Verweerder heeft in het bestreden besluit en ter zitting toegelicht dat er in het geval van eiseres geen reden is de boete te verlagen. Ook stagiaires en invalkrachten mogen, ongeacht het feit of ze al dan niet alleen op een groep staan, slechts dan in een kinderdagverblijf werken wanneer er een geldige verklaring omtrent het gedrag is overgelegd en voorhanden is. Het feit dat niet eerder een dergelijke overtreding bij eiseres is geconstateerd, is voor verweerder geen reden de boete te matigen. In het Afwegingsmodel is bepaald dat recidive een boeteverhogende omstandigheid is. A contrario geredeneerd betekent dit dat een eerste overtreding geen reden kan zijn om een opgelegde boete te matigen. Verder is de onderneming van eiseres geen kleine onderneming. Het kinderdagverblijf van eiseres bestond tijdens de controle uit vijf groepen, 60 kindplaatsen en 12 beroepskrachten. Onder een kleine onderneming wordt verstaan een kleinschalig kinderdagverblijf aan huis, met maximaal zes kindplaatsen, één beroepskracht en geen personeel.

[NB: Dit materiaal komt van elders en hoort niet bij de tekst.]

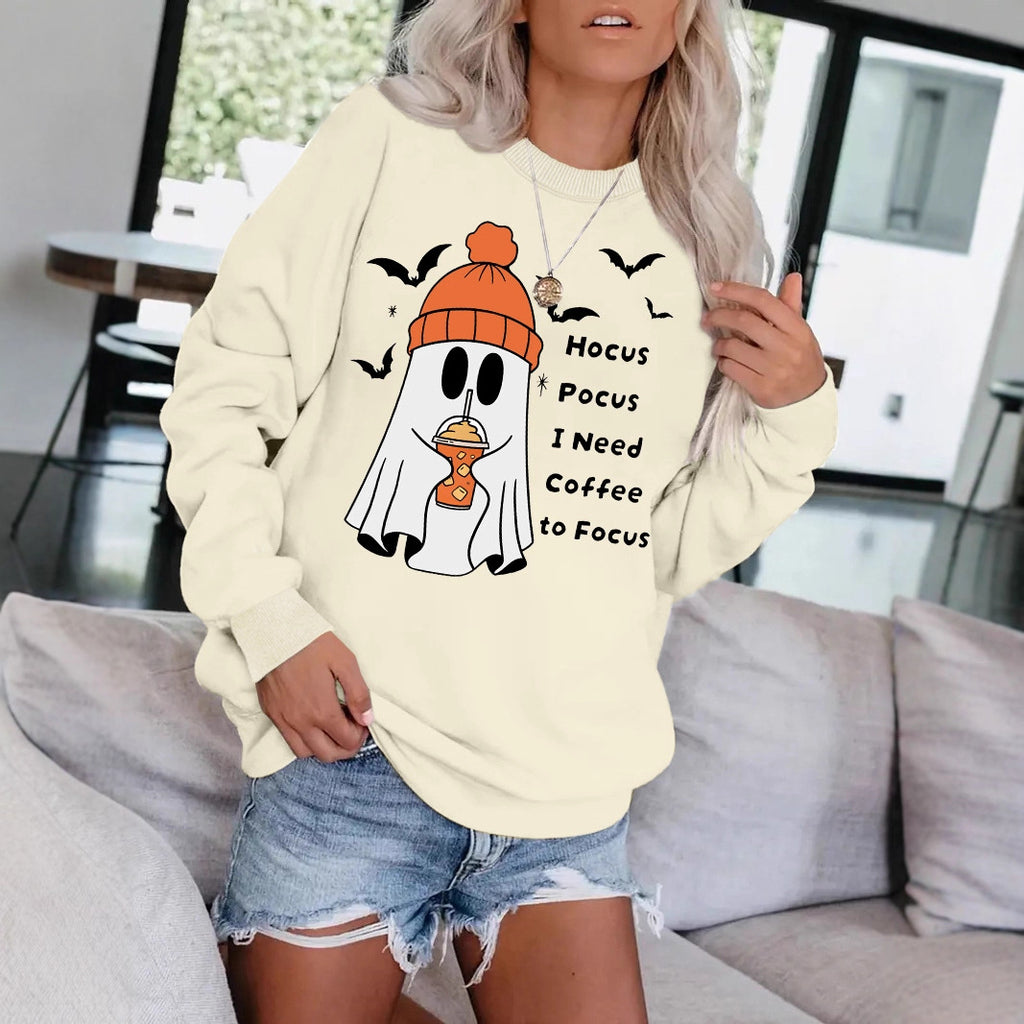 Round necked hoodie ghost Halloween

12. De rechtbank ziet in hetgeen eiseres heeft aangevoerd geen reden om de boetes te matigen. Het tijdig beschikken over een verklaring omtrent het gedrag met betrekking tot het personeel van een kindercentrum is een belangrijk instrument om de veiligheid van de kinderen te waarborgen. Daarom heeft verweerder op goede gronden het niet in bezit zijn van een verklaring omtrent het gedrag voor drie werknemers kunnen kwalificeren als een ernstige overtreding.
13. Niet is gebleken dat het ontbreken van drie verklaringen omtrent het gedrag eiseres niet of in verminderde mate kan worden verweten. Uit de gedingstukken blijkt dat alle kinderdagverblijven bij brief van 25 februari 2010 door verweerder zijn geïnformeerd over de gewijzigde eis dat voorafgaand aan de aanvang van de werkzaamheden een recente, geldige verklaring omtrent het gedrag moet zijn overgelegd. De directeur van eiseres heeft dat ter zitting beaamd. Eiseres wist dan ook dat zij over de verklaringen omtrent het gedrag had moeten beschikken voor de betreffende drie werkneemsters.

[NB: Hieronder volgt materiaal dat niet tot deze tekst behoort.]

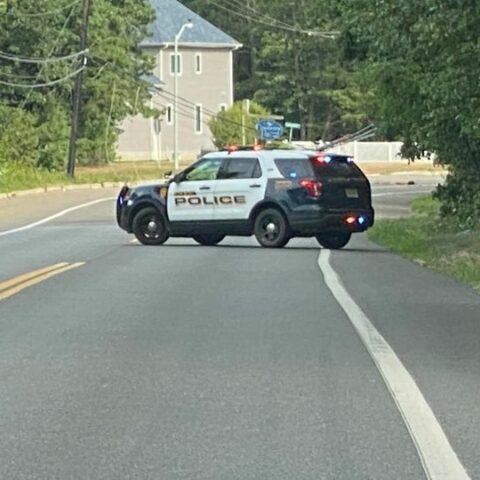Truck crashed into telephone pole, shutting down east veterans highway - photo licensed by shore news network.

De rechtbank acht alles overziende de in deze zaak opgelegde boetes in overeenstemming met de aard en de ernst van de overtreding, de mate waarin deze aan eiseres kunnen worden verweten en de omstandigheden waaronder deze zijn gepleegd.
Van bijzondere omstandigheden waarom in dit geval van het opleggen van de boetes zou moeten worden afgezien, is niet gebleken.
14. Het voorgaande leidt tot de conclusie dat het beroep ongegrond is. Voor een proceskostenveroordeling bestaat geen aanleiding.
Beslissing
De rechtbank:
verklaart het beroep ongegrond.
Deze uitspraak is gedaan door mr. V.M.M. van Amstel, rechter, in aanwezigheid van mr. M.H. Menger, griffier.
De beslissing is in het openbaar uitgesproken op 24 augustus 2012.
griffier rechter
Afschrift verzonden aan partijen op:
Rechtsmiddel
Tegen deze uitspraak kan binnen zes weken na de dag van verzending daarvan hoger beroep worden ingesteld bij het College van Beroep voor het bedrijfsleven.